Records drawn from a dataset
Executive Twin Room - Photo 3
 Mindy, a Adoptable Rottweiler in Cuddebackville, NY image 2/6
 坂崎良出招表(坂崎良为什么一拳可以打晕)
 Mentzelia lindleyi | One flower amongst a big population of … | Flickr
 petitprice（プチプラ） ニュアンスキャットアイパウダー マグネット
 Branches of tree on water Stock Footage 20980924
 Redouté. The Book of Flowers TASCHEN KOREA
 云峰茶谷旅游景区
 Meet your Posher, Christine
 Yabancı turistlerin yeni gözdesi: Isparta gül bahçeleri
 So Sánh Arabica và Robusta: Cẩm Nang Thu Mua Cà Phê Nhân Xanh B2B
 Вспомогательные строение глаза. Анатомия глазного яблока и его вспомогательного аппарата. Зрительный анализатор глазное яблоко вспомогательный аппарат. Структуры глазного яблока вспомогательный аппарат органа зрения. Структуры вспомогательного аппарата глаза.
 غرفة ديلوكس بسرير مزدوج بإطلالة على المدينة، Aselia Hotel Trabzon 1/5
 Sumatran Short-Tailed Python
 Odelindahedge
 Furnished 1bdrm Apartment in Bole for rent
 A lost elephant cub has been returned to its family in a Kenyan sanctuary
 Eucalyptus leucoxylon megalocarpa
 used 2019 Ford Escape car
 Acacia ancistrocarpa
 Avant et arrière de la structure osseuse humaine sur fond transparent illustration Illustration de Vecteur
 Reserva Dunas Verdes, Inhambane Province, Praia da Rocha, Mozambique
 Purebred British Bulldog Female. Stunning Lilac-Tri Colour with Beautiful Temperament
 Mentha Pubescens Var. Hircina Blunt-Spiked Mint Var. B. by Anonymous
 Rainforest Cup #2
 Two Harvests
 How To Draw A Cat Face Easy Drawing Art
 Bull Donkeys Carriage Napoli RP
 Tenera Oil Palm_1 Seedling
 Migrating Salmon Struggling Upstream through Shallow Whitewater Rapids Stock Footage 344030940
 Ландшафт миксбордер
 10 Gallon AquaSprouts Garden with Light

WORK REQUEST
Every record shown above must be echoed exactly.

EXERCISE RESULT
Executive Twin Room - Photo 3
 Mindy, a Adoptable Rottweiler in Cuddebackville, NY image 2/6
 坂崎良出招表(坂崎良为什么一拳可以打晕)
 Mentzelia lindleyi | One flower amongst a big population of … | Flickr
 petitprice（プチプラ） ニュアンスキャットアイパウダー マグネット
 Branches of tree on water Stock Footage 20980924
 Redouté. The Book of Flowers TASCHEN KOREA
 云峰茶谷旅游景区
 Meet your Posher, Christine
 Yabancı turistlerin yeni gözdesi: Isparta gül bahçeleri
 So Sánh Arabica và Robusta: Cẩm Nang Thu Mua Cà Phê Nhân Xanh B2B
 Вспомогательные строение глаза. Анатомия глазного яблока и его вспомогательного аппарата. Зрительный анализатор глазное яблоко вспомогательный аппарат. Структуры глазного яблока вспомогательный аппарат органа зрения. Структуры вспомогательного аппарата глаза.
 غرفة ديلوكس بسرير مزدوج بإطلالة على المدينة، Aselia Hotel Trabzon 1/5
 Sumatran Short-Tailed Python
 Odelindahedge
 Furnished 1bdrm Apartment in Bole for rent
 A lost elephant cub has been returned to its family in a Kenyan sanctuary
 Eucalyptus leucoxylon megalocarpa
 used 2019 Ford Escape car
 Acacia ancistrocarpa
 Avant et arrière de la structure osseuse humaine sur fond transparent illustration Illustration de Vecteur
 Reserva Dunas Verdes, Inhambane Province, Praia da Rocha, Mozambique
 Purebred British Bulldog Female. Stunning Lilac-Tri Colour with Beautiful Temperament
 Mentha Pubescens Var. Hircina Blunt-Spiked Mint Var. B. by Anonymous
 Rainforest Cup #2
 Two Harvests
 How To Draw A Cat Face Easy Drawing Art
 Bull Donkeys Carriage Napoli RP
 Tenera Oil Palm_1 Seedling
 Migrating Salmon Struggling Upstream through Shallow Whitewater Rapids Stock Footage 344030940
 Ландшафт миксбордер
 10 Gallon AquaSprouts Garden with Light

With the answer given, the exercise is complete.